Д. А. Радченко
ХУДОЖЕСТВЕННАЯ ДИДАКТИКА ДЖУЛИАНА БАРНСА
Работа представлена кафедрой зарубежной литературы Кубанского государственного университета.
Научный руководитель - доктор филологических наук, доцент А. В. Татаринов
Статья посвящена анализу художественной дидактики Джулиана Барнса, одного из самых популярных прозаиков Великобритании. В рассказах и романах писателя неизменно востребованным образом оказывается жизнь как самая серьезная и безусловная ценность.
The article is devoted to the analysis of the artistic didactics of Julian Barnes, one of the most popular prose writers in Great Britain. Life as the most serious and absolute value is an unexceptionally relevant character in the writer's stories and novels.
Литературное произведение обладает дидактическим потенциалом даже тогда, когда писатель не ставит перед собой специальных задач в области нравственной философии и морального воздействия на читателя. «Литература - не только эстети-
ческий, но и этический вызов.

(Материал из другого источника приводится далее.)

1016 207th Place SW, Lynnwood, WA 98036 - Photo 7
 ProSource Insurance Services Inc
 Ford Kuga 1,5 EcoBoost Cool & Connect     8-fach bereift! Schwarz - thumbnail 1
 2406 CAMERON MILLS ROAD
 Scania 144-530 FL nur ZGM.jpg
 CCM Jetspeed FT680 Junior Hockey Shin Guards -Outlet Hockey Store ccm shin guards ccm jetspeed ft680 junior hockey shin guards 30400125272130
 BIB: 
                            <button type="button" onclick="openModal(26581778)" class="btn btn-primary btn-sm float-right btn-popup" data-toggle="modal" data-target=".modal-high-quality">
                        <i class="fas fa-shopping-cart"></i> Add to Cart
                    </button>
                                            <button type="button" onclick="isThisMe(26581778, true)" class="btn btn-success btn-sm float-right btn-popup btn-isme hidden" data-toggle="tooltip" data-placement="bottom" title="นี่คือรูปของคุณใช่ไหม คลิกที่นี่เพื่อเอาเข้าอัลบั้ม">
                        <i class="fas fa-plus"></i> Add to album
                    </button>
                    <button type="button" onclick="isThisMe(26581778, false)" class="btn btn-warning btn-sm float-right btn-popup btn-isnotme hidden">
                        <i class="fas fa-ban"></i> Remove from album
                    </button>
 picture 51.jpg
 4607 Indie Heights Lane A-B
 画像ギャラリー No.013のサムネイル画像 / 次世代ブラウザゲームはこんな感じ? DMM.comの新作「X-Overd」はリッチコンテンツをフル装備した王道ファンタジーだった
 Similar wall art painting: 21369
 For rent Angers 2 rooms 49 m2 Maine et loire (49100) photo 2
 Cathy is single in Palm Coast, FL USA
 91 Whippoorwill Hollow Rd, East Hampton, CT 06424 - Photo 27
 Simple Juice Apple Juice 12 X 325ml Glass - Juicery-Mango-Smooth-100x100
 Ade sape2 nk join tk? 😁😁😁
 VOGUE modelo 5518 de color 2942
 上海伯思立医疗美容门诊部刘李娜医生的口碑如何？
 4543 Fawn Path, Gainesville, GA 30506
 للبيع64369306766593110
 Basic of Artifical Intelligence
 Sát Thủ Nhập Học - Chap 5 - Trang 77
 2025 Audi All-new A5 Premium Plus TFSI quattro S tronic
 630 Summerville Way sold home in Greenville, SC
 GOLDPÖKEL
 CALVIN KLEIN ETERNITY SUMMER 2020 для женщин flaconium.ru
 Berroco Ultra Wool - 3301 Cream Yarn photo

Роман или поэму нельзя назвать «системой заповедей», но это не значит, что читатель, ищущий правду жизни, не сумеет в контакте с имплицитным автором превратить произведение в нечто более значительное, чем текст,
256
оставляющий в памяти лишь смутный образ давно исчезнувшего эстетического переживания», - читаем в предисловии к сборнику «Дидактика художественного текста»1. Джулиана Барнса (Julian Barnes), одного из самых популярных прозаиков современной Великобритании, справедливо рассматривают в контексте постмодернистской поэтики, но в его рассказах и романах присутствует нравственная философия, которая, на наш взгляд, имеет все основания стать самостоятельным предметом научного исследования.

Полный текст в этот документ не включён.